-- Directions --
Set down every record once more, exactly as given.

"""

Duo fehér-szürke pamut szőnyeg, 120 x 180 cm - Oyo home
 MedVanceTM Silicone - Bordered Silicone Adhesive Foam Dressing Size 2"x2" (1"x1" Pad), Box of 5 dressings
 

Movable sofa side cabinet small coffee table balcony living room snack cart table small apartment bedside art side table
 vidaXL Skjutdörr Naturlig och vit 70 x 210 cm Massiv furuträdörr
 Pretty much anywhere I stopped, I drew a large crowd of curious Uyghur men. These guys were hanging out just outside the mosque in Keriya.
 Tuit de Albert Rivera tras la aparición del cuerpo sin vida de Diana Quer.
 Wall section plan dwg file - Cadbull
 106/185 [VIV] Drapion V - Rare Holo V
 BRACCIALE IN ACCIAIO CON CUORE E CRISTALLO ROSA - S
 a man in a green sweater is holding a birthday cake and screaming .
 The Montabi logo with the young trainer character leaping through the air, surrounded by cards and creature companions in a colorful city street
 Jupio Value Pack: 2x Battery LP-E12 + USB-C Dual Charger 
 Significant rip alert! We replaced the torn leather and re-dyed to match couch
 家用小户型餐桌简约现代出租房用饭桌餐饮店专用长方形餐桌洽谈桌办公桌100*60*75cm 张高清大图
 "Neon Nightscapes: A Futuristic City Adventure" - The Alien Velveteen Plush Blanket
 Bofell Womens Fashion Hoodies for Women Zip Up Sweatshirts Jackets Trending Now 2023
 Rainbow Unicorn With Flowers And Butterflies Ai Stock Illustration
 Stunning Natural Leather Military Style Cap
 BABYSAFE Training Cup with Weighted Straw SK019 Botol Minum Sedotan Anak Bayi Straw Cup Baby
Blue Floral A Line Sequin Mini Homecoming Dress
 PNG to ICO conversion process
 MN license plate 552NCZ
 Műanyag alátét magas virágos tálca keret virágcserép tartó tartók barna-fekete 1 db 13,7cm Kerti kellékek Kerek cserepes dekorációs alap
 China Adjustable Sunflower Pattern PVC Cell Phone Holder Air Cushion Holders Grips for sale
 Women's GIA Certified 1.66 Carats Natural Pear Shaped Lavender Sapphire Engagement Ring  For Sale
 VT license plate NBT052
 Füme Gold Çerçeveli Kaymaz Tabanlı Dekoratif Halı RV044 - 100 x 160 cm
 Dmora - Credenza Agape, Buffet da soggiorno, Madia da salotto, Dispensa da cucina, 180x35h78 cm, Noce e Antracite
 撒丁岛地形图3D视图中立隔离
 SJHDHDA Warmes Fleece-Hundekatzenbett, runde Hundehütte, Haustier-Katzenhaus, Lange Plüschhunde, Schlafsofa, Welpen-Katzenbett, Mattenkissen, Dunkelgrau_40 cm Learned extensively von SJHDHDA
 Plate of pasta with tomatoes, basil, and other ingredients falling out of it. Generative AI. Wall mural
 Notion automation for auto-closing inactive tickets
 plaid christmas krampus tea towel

"""

-- Task answer --
Duo fehér-szürke pamut szőnyeg, 120 x 180 cm - Oyo home
 MedVanceTM Silicone - Bordered Silicone Adhesive Foam Dressing Size 2"x2" (1"x1" Pad), Box of 5 dressings
 

Movable sofa side cabinet small coffee table balcony living room snack cart table small apartment bedside art side table
 vidaXL Skjutdörr Naturlig och vit 70 x 210 cm Massiv furuträdörr
 Pretty much anywhere I stopped, I drew a large crowd of curious Uyghur men. These guys were hanging out just outside the mosque in Keriya.
 Tuit de Albert Rivera tras la aparición del cuerpo sin vida de Diana Quer.
 Wall section plan dwg file - Cadbull
 106/185 [VIV] Drapion V - Rare Holo V
 BRACCIALE IN ACCIAIO CON CUORE E CRISTALLO ROSA - S
 a man in a green sweater is holding a birthday cake and screaming .
 The Montabi logo with the young trainer character leaping through the air, surrounded by cards and creature companions in a colorful city street
 Jupio Value Pack: 2x Battery LP-E12 + USB-C Dual Charger 
 Significant rip alert! We replaced the torn leather and re-dyed to match couch
 家用小户型餐桌简约现代出租房用饭桌餐饮店专用长方形餐桌洽谈桌办公桌100*60*75cm 张高清大图
 "Neon Nightscapes: A Futuristic City Adventure" - The Alien Velveteen Plush Blanket
 Bofell Womens Fashion Hoodies for Women Zip Up Sweatshirts Jackets Trending Now 2023
 Rainbow Unicorn With Flowers And Butterflies Ai Stock Illustration
 Stunning Natural Leather Military Style Cap
 BABYSAFE Training Cup with Weighted Straw SK019 Botol Minum Sedotan Anak Bayi Straw Cup Baby
Blue Floral A Line Sequin Mini Homecoming Dress
 PNG to ICO conversion process
 MN license plate 552NCZ
 Műanyag alátét magas virágos tálca keret virágcserép tartó tartók barna-fekete 1 db 13,7cm Kerti kellékek Kerek cserepes dekorációs alap
 China Adjustable Sunflower Pattern PVC Cell Phone Holder Air Cushion Holders Grips for sale
 Women's GIA Certified 1.66 Carats Natural Pear Shaped Lavender Sapphire Engagement Ring  For Sale
 VT license plate NBT052
 Füme Gold Çerçeveli Kaymaz Tabanlı Dekoratif Halı RV044 - 100 x 160 cm
 Dmora - Credenza Agape, Buffet da soggiorno, Madia da salotto, Dispensa da cucina, 180x35h78 cm, Noce e Antracite
 撒丁岛地形图3D视图中立隔离
 SJHDHDA Warmes Fleece-Hundekatzenbett, runde Hundehütte, Haustier-Katzenhaus, Lange Plüschhunde, Schlafsofa, Welpen-Katzenbett, Mattenkissen, Dunkelgrau_40 cm Learned extensively von SJHDHDA
 Plate of pasta with tomatoes, basil, and other ingredients falling out of it. Generative AI. Wall mural
 Notion automation for auto-closing inactive tickets
 plaid christmas krampus tea towel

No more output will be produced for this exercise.